Exercise: Among the records below, find the line that has "5353 Freestone Dr, Grand"; from there, give the lines again exactly, and stop after the line that has "689 Barringer Ct, Fate, TX, 75087-6926".

Data provided:
*** Block opens ***

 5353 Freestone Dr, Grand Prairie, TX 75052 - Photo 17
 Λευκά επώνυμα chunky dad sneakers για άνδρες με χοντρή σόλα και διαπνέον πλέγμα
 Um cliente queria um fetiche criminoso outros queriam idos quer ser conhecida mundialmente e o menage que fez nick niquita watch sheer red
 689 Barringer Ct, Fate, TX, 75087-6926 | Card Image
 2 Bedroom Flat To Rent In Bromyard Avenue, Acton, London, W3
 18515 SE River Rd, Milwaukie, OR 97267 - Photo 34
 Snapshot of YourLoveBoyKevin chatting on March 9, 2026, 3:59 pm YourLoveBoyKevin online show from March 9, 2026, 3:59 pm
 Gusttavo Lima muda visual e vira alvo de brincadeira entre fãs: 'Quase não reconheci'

*** Block closes ***
*** Block opens ***

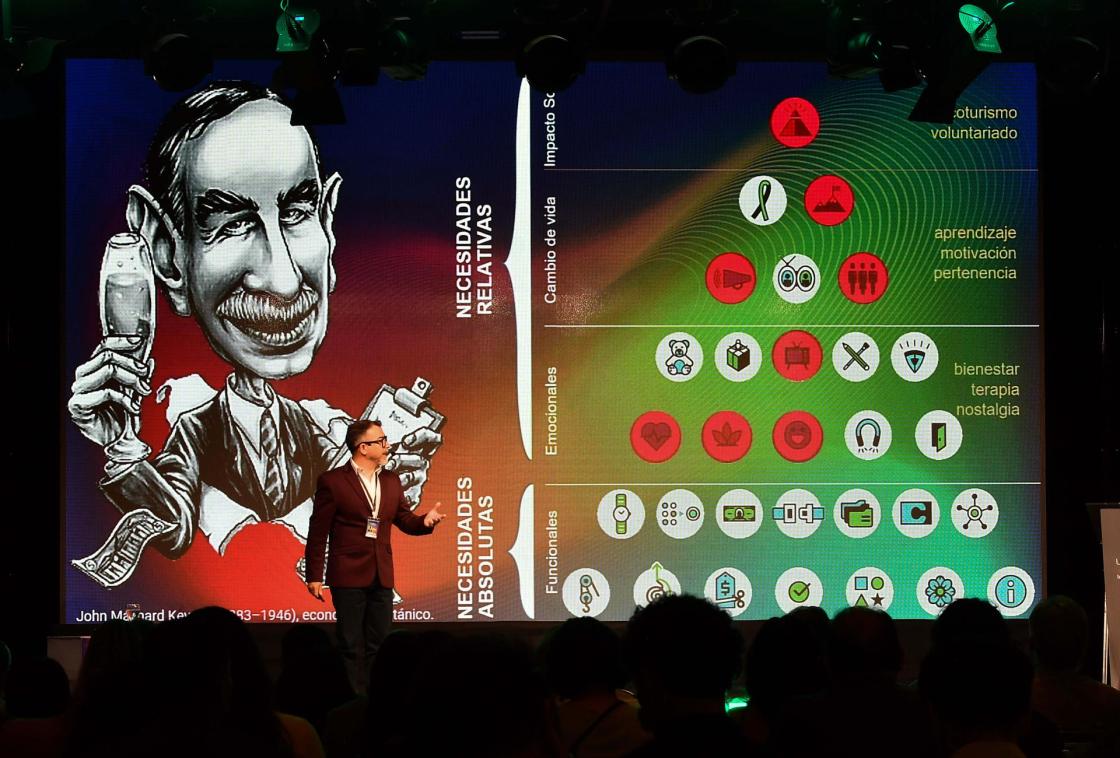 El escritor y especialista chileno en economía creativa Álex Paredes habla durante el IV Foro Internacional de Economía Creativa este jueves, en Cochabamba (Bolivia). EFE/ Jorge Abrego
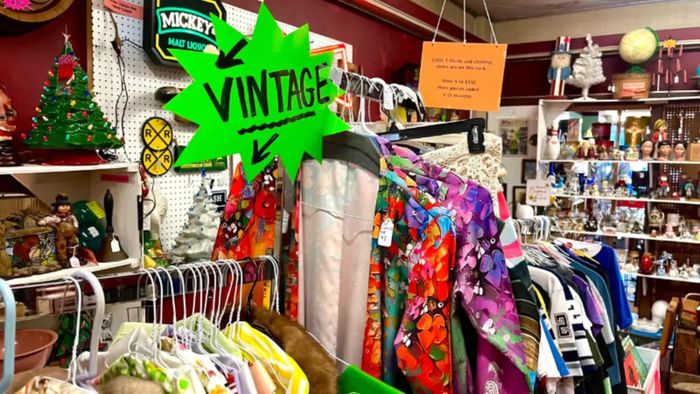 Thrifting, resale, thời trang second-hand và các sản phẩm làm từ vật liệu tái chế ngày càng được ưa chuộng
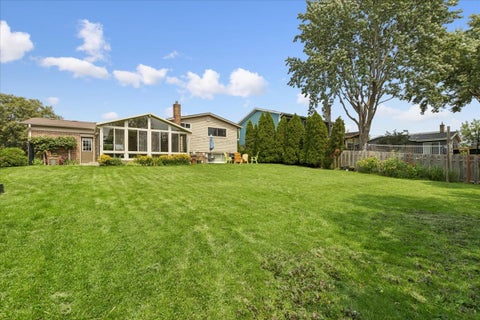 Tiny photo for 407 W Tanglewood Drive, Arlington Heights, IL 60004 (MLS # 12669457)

*** Block closes ***

Problem solution:
 5353 Freestone Dr, Grand Prairie, TX 75052 - Photo 17
 Λευκά επώνυμα chunky dad sneakers για άνδρες με χοντρή σόλα και διαπνέον πλέγμα
 Um cliente queria um fetiche criminoso outros queriam idos quer ser conhecida mundialmente e o menage que fez nick niquita watch sheer red
 689 Barringer Ct, Fate, TX, 75087-6926 | Card Image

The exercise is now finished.